DATA EXCERPT:
..............................
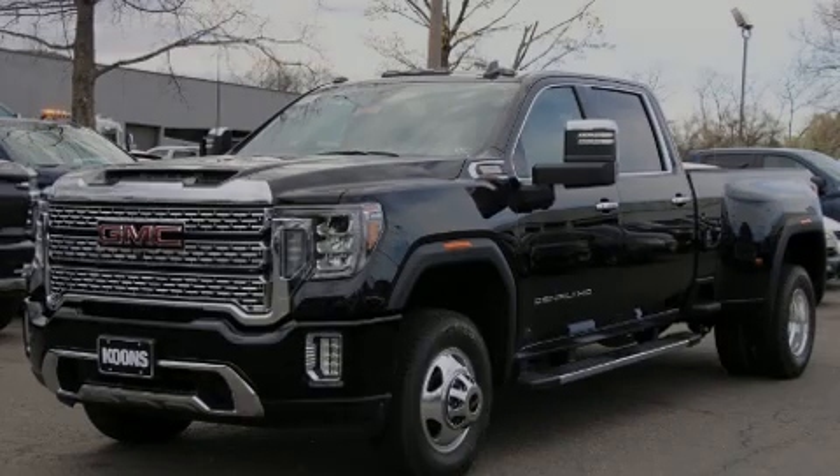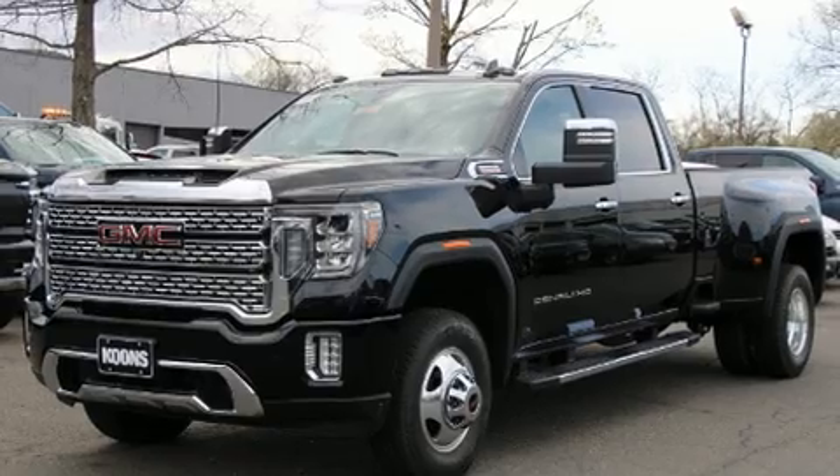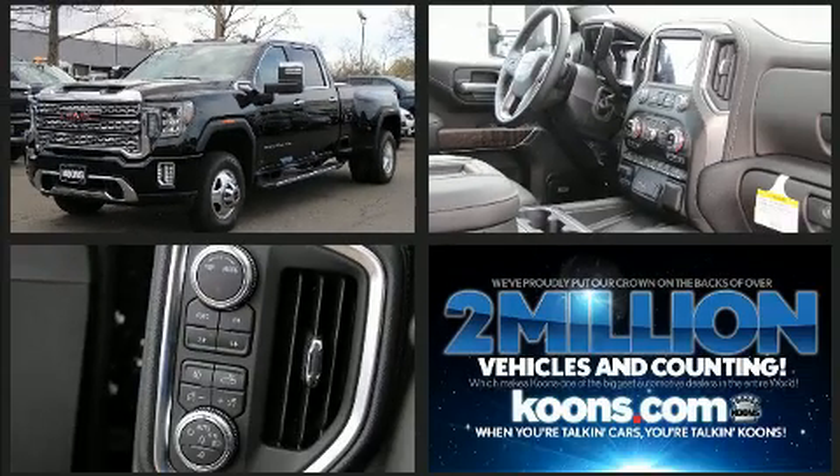Outstanding design defines the 2020 GMC Sierra 3500 HD. This four-door, five-passenger truck is ready to drive off the showroom floor.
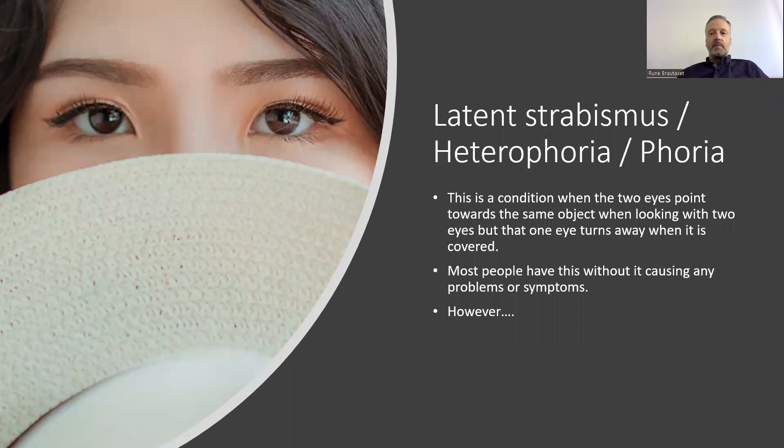The other type is latent strabismus, or heterophoria, or just phoria. This is a condition when the two eyes point towards the same object when both eyes are open, but one eye turns away when it is covered.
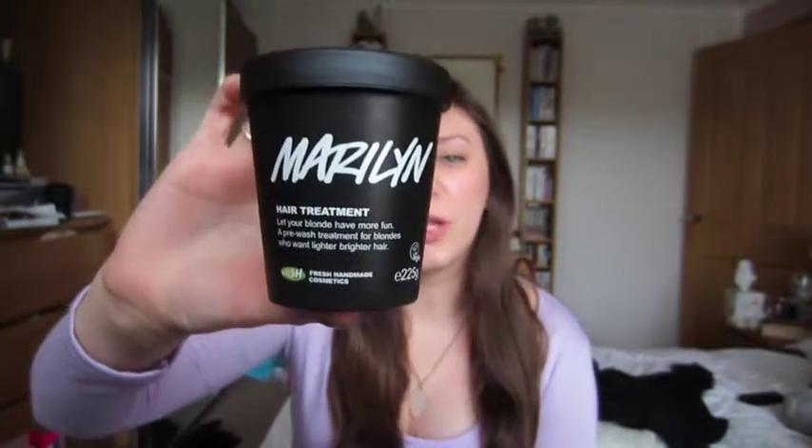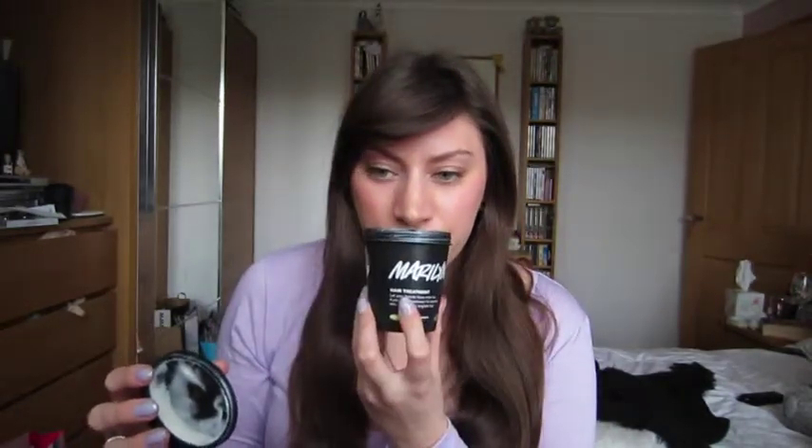Moving on, I don't have blonde hair but I decided to try Marilyn, which is a hair treatment from Lush for blondes. It's a really light colour and quite liquidy. It smells a little bit like chamomile tea with a bit of lemon, which is quite nice. The chamomile and lemon are why it's better for blondes — they brighten the hair a little bit.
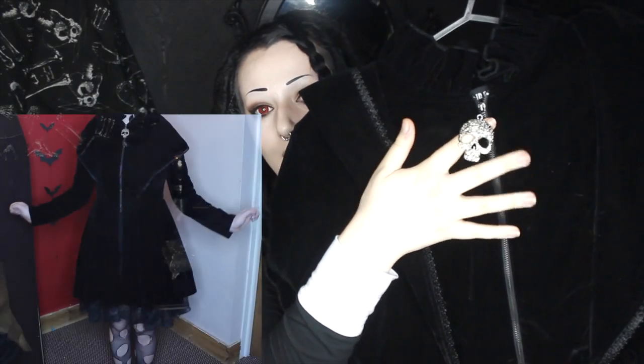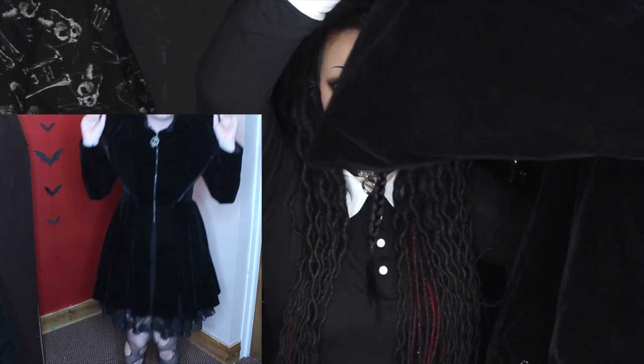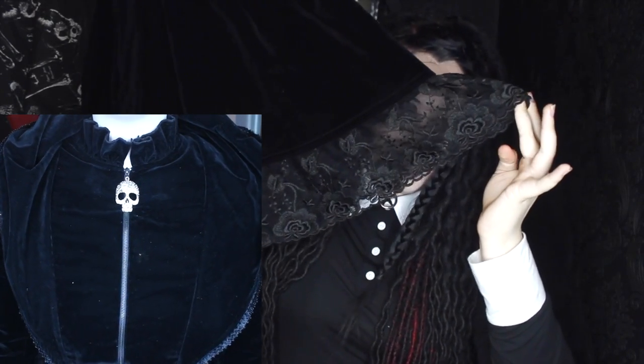And then the last thing I got is something that is so beautiful I could die. I am obsessed with this thing. It is this coat. It's that gorgeous velvet I was talking about — it's so black, just so dark and amazing. It has this super pretty metal sort of filigree, lacy-looking skull zipper thing. It comes into a pointy goblin hood. And then the bottom has all lace going along the bottom there, and it just comes out like this cute little skirt. It's just the cutest thing I own. I love this so much. I wish I'd given my shoulder measurements so it wasn't so tight — it's a wee bit uncomfortable. But it's not unwearable, and it's just so goddamn pretty. I'm obsessed with this thing. In absolute love with this.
..............................
Would you write out the material above in full, exactly as given, except for its pictures?

EXERCISE RESPONSE:
Outstanding design defines the 2020 GMC Sierra 3500 HD. This four-door, five-passenger truck is ready to drive off the showroom floor.
The other type is latent strabismus, or heterophoria, or just phoria. This is a condition when the two eyes point towards the same object when both eyes are open, but one eye turns away when it is covered.
Moving on, I don't have blonde hair but I decided to try Marilyn, which is a hair treatment from Lush for blondes. It's a really light colour and quite liquidy. It smells a little bit like chamomile tea with a bit of lemon, which is quite nice. The chamomile and lemon are why it's better for blondes — they brighten the hair a little bit.
And then the last thing I got is something that is so beautiful I could die. I am obsessed with this thing. It is this coat. It's that gorgeous velvet I was talking about — it's so black, just so dark and amazing. It has this super pretty metal sort of filigree, lacy-looking skull zipper thing. It comes into a pointy goblin hood. And then the bottom has all lace going along the bottom there, and it just comes out like this cute little skirt. It's just the cutest thing I own. I love this so much. I wish I'd given my shoulder measurements so it wasn't so tight — it's a wee bit uncomfortable. But it's not unwearable, and it's just so goddamn pretty. I'm obsessed with this thing. In absolute love with this.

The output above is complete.